Source code in vllm/lora/ops/triton_ops/fused_moe_lora_op.py
def _adjust_kernel_inputs(
    num_active_loras: int,
    sorted_token_ids: torch.Tensor | None,
    expert_ids: torch.Tensor,
):
    """
    helper function to adjust kernel inputs when sorted_token_ids is None
    """
    if sorted_token_ids is None:
        stride_tl = 0
        stride_el = 0
        grid_lora_dim = 1
    else:
        stride_tl = sorted_token_ids.stride(0)
        stride_el = expert_ids.stride(0)
        grid_lora_dim = num_active_loras
    return grid_lora_dim, stride_tl, stride_el

_get_expert_id

_get_expert_id(
    expert_ids_ptr,
    lora_id,
    pid_m,
    stride_el,
    max_loras,
    naive_block_assignment: constexpr,
)

Returns expert_id

Source code in vllm/lora/ops/triton_ops/fused_moe_lora_op.py
@triton.jit
def _get_expert_id(
    expert_ids_ptr,
    lora_id,
    pid_m,
    stride_el,
    max_loras,
    naive_block_assignment: tl.constexpr,
):
    """Returns expert_id"""
    if naive_block_assignment:
        return tl.load(expert_ids_ptr + pid_m)
    else:
        ind = lora_id * stride_el + pid_m
        return tl.load(expert_ids_ptr + ind, ind < max_loras * stride_el, -1)

_get_lora_id

_get_lora_id(
    lora_ids,
    token_lora_mapping_ptr,
    lora_idx,
    pid_m,
    top_k_num,
    naive_block_assignment: constexpr,
)

Returns lora_id

Source code in vllm/lora/ops/triton_ops/fused_moe_lora_op.py
@triton.jit
def _get_lora_id(
    lora_ids,
    token_lora_mapping_ptr,
    lora_idx,
    pid_m,
    top_k_num,
    naive_block_assignment: tl.constexpr,
):
    """Returns lora_id"""
    if naive_block_assignment:
        token_idx = pid_m // top_k_num
        return tl.load(token_lora_mapping_ptr + token_idx)
    else:
        return tl.load(lora_ids + lora_idx)

_get_ptr

_get_ptr(lora_weights: list[Tensor], device: device)

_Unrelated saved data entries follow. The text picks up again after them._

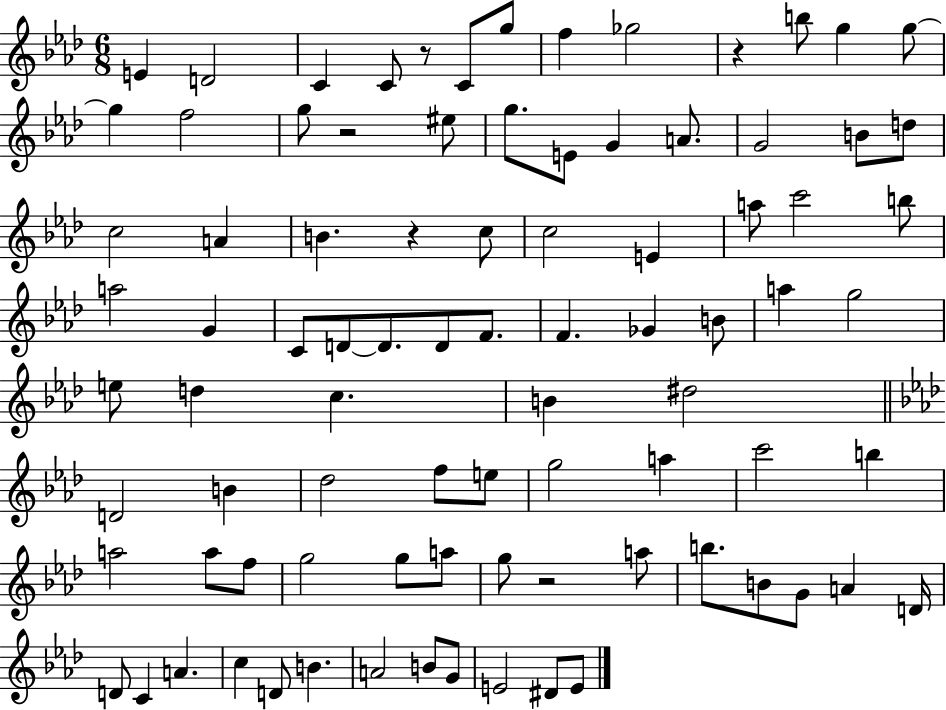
{
  \clef treble
  \numericTimeSignature
  \time 6/8
  \key aes \major
  e'4 d'2 | c'4 c'8 r8 c'8 g''8 | f''4 ges''2 | r4 b''8 g''4 g''8~~ | \break g''4 f''2 | g''8 r2 eis''8 | g''8. e'8 g'4 a'8. | g'2 b'8 d''8 | \break c''2 a'4 | b'4. r4 c''8 | c''2 e'4 | a''8 c'''2 b''8 | \break a''2 g'4 | c'8 d'8~~ d'8. d'8 f'8. | f'4. ges'4 b'8 | a''4 g''2 | \break e''8 d''4 c''4. | b'4 dis''2 | \bar "||" \break \key f \minor d'2 b'4 | des''2 f''8 e''8 | g''2 a''4 | c'''2 b''4 | \break a''2 a''8 f''8 | g''2 g''8 a''8 | g''8 r2 a''8 | b''8. b'8 g'8 a'4 d'16 | \break d'8 c'4 a'4. | c''4 d'8 b'4. | a'2 b'8 g'8 | e'2 dis'8 e'8 | \break \bar "|."
}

_LORA_PTR_DICT collects the required information during profile_run, After this, it remains constant and subsequent usage is through LUT. Refer to: https://github.com/triton-lang/triton/blob/release/3.1.x/python/tutorials/08-grouped-gemm.py

Source code in vllm/lora/ops/triton_ops/fused_moe_lora_op.py
def _get_ptr(lora_weights: list[torch.Tensor], device: torch.device):
    """
    `_LORA_PTR_DICT` collects the required information during `profile_run`,
    After this, it remains constant and subsequent usage is through LUT.
    Refer to:
    https://github.com/triton-lang/triton/blob/release/3.1.x/python/tutorials/08-grouped-gemm.py
    """
    key = tuple(lora_weight.data_ptr() for lora_weight in lora_weights)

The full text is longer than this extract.